Goal of the exercise: Starting at the line that contains "In this case, I" and stopping at the line that contains "Welcome to the", transcribe every line of the material below exactly; pictures stay out.

Records shown:
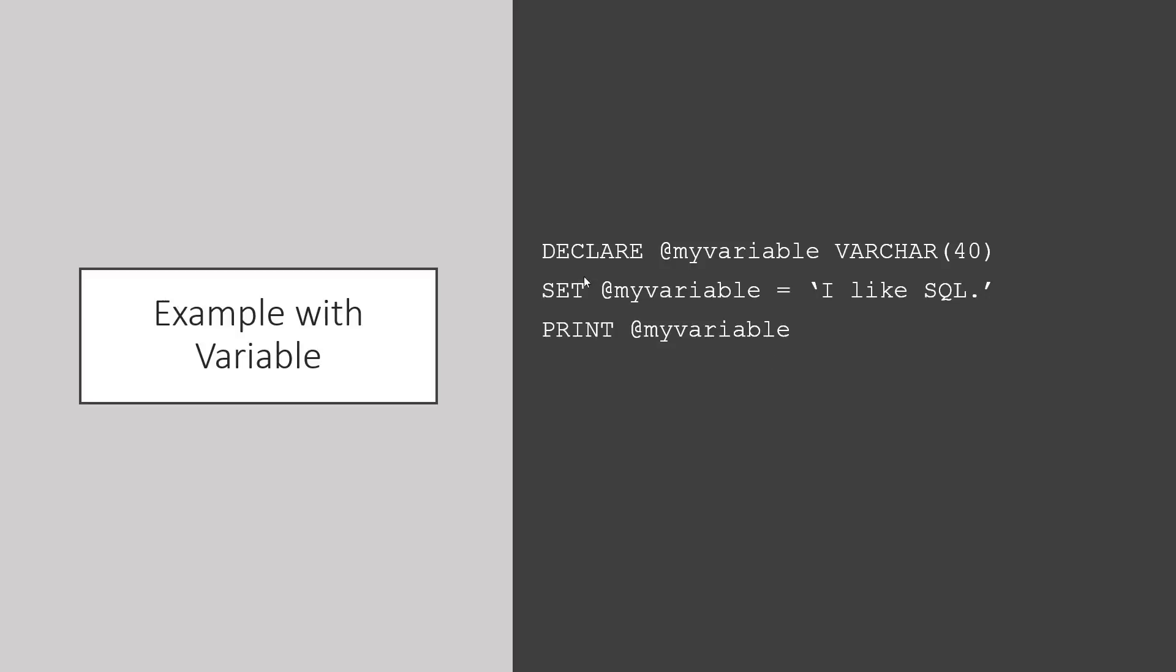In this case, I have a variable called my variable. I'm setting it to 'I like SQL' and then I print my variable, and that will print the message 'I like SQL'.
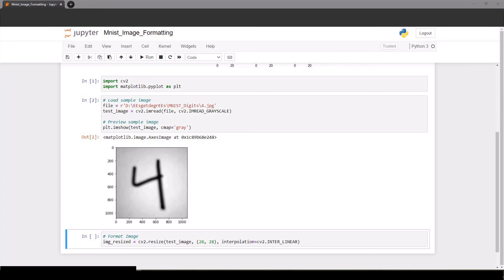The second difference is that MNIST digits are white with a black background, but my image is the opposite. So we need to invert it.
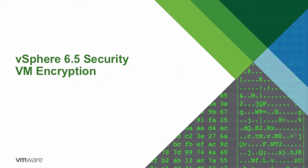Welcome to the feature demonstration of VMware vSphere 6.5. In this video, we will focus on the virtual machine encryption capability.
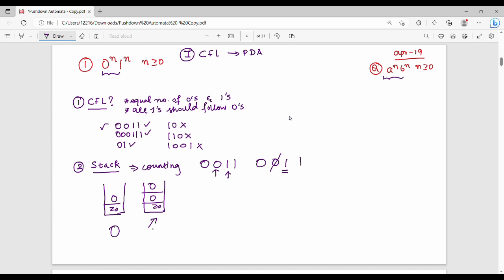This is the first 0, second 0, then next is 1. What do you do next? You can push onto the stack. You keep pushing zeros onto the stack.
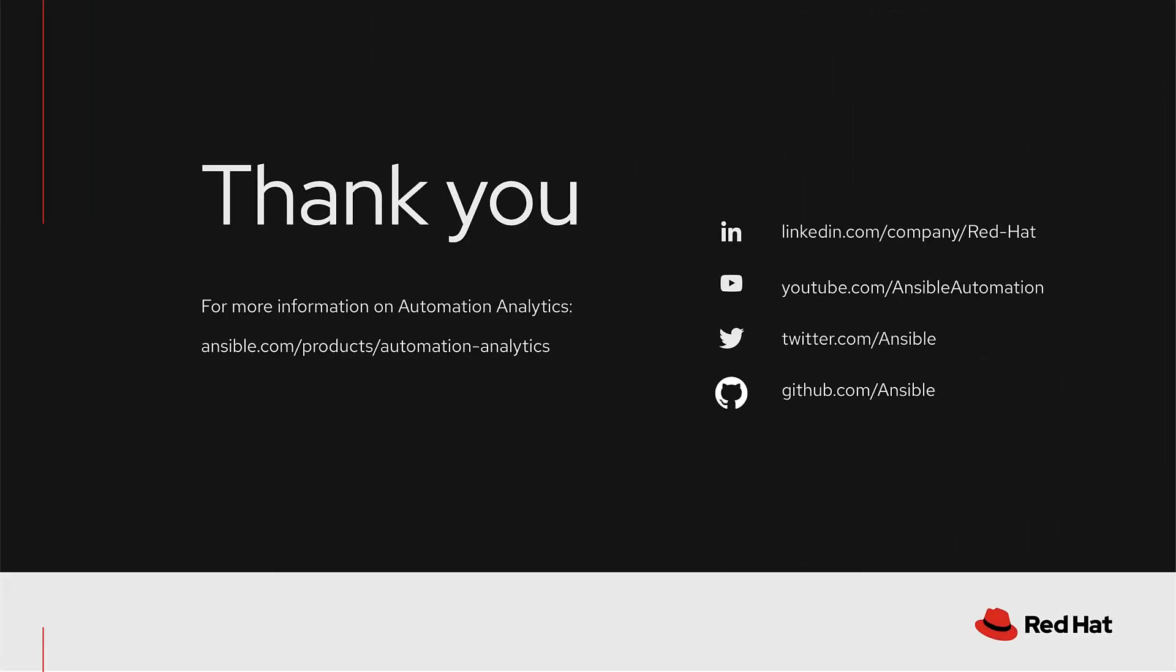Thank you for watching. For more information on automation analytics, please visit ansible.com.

...

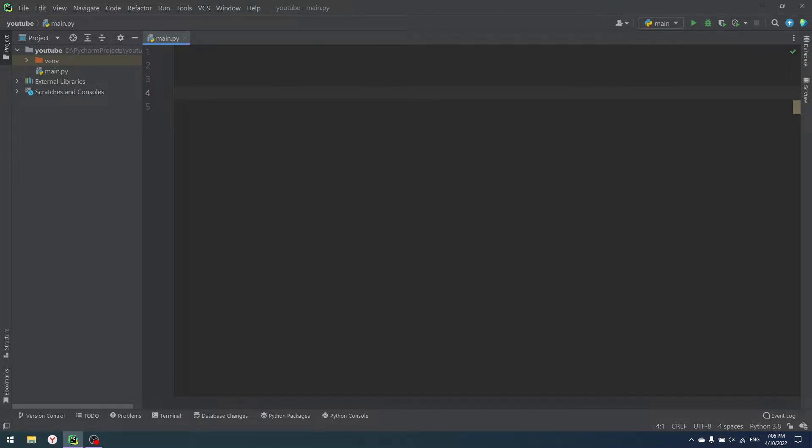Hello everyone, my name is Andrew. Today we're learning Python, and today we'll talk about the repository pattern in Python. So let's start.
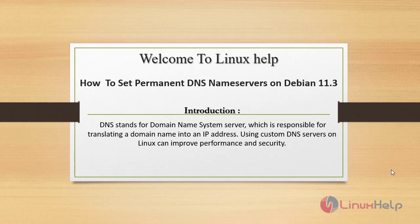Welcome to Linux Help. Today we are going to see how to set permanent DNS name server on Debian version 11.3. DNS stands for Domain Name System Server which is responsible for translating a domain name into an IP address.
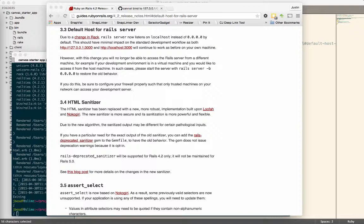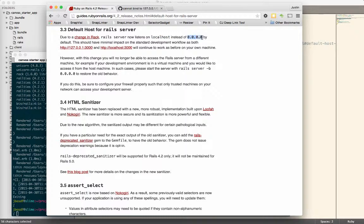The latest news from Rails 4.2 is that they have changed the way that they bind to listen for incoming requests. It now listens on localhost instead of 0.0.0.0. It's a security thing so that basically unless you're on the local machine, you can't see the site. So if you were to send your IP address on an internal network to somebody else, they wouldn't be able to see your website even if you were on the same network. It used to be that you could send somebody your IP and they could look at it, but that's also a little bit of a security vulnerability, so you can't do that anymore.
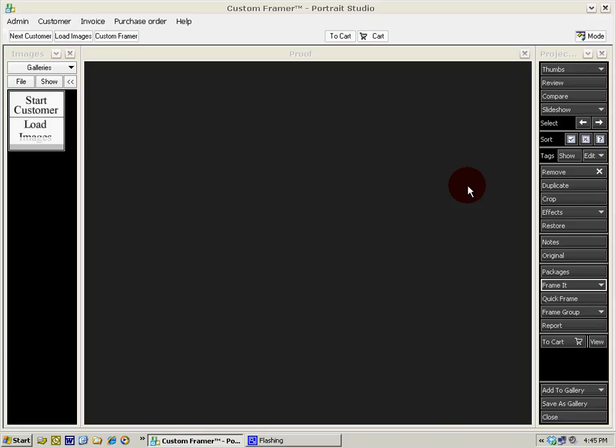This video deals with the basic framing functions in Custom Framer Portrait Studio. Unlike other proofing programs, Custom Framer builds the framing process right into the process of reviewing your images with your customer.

Expected answer:
In this case, I have a variable called my variable. I'm setting it to 'I like SQL' and then I print my variable, and that will print the message 'I like SQL'.
The second difference is that MNIST digits are white with a black background, but my image is the opposite. So we need to invert it.
Welcome to the feature demonstration of VMware vSphere 6.5. In this video, we will focus on the virtual machine encryption capability.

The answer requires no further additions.